Almost eighty years after her mother had survived the Armenian genocide, Osky travelled from Rhode Island to Govdun, a village near Sivas in today’s Turkey, in search of her mother’s family house. She found no trace of it, nor were there any Armenians left. Yet “the Armenians” were still part of village memory, and finding that some older villagers knew stories about her mother’s famous Uncle Murad, she felt moved to stoop down and dig some earth from an empty plot to take home. Then, suddenly, Osky stood up and began to talk to her mother, who had died years before: “OK, Ma, you got your dream. Ma, I’m here. I’m here on your land. And I know that you never really ever thought I’d ever come here. You had no idea that I’d come here! But here I am! And I’m beginning to become proud, Ma. I wish you could have come back to see it.” It seemed that by digging the earth Osky had activated its spirits, opening a channel to her mother. Using experiences like these, this book identifies the many but specific ways in which such encounters can change the pilgrim. In the process, this book also changes our understanding of what pilgrimages can do.
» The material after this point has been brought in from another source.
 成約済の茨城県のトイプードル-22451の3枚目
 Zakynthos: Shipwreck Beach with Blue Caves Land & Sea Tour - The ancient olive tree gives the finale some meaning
The stories these pilgrims bring with them are part of an Armenian saga that stems from what is often considered one of the earliest modern instances of genocide, and a defining event of the 20th century: that is, the Armenians’ traumatic annihilation in—or exile from—their own homeland in eastern and southeastern Anatolia.1 For them, this area was the western part of a larger Armenia, where Armenian communities had lived for thousands of years, even since time immemorial. By the 16th century, however, these communities had been incorporated into the growing Ottoman Empire, an Islamic state that came to encompass a variety of ethnic and religious enclaves from the Balkans through North Africa and into the Middle East. Then, in the 19th century, the Ottomans began to lose territory as the rising nationalism of its subsumed groups led to the formation of autonomous states such as Greece, Albania, Bulgaria, Romania, and Serbia. The Ottomans responded with a nationalism of their own in which they defined their authentic core as an ethnically Turkish and religiously Sunni Muslim population.2 This was coupled with the intention of providing this core with an exclusive homeland in Thrace (including Istanbul) and Anatolia. Thus, between 1915 and 1918 especially, Ottoman campaigns targeted this area’s Christian populations—Assyrian, Greek, and Armenian—all of whom were then living in their ancestral homelands as Ottoman citizens. For the Armenian community, the new Ottoman Turkish nationalism led to the systematic, town by town and village by village murders of Armenian men. These murders were followed by forced, usually fatal, marches of the remaining Armenian women and children to the deserts near Deir al-Zor, then in Ottoman Syria. Estimates of the numbers who died hover between one and one and a half million, or at least half of the total number of Armenians who had once lived in what had been referred to as the “Armenian provinces” in eastern and southeastern Anatolia.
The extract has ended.